• Problem to work on:
Look below for the line that contains "surgical instrument,classification and", then copy it and each following line exactly, through and including the line that contains "USB C Docking".

:::

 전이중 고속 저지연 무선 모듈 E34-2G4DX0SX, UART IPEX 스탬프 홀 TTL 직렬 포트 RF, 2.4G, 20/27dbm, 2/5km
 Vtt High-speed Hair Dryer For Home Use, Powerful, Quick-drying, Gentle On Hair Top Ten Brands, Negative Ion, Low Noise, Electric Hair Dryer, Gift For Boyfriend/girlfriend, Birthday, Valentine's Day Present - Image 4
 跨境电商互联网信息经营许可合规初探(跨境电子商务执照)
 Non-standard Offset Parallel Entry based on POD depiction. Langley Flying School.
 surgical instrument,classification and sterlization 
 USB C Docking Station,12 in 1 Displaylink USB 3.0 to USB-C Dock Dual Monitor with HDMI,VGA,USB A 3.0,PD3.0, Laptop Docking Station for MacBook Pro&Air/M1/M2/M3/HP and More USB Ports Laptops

:::

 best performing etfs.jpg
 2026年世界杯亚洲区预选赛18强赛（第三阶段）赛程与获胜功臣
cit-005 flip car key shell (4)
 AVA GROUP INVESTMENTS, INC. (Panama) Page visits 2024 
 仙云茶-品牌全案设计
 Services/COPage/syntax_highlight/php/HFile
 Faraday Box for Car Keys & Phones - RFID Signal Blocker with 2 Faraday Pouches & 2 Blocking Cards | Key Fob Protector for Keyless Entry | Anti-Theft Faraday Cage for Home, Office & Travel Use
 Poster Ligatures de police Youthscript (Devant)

:::

• Task solution:
 surgical instrument,classification and sterlization 
 USB C Docking Station,12 in 1 Displaylink USB 3.0 to USB-C Dock Dual Monitor with HDMI,VGA,USB A 3.0,PD3.0, Laptop Docking Station for MacBook Pro&Air/M1/M2/M3/HP and More USB Ports Laptops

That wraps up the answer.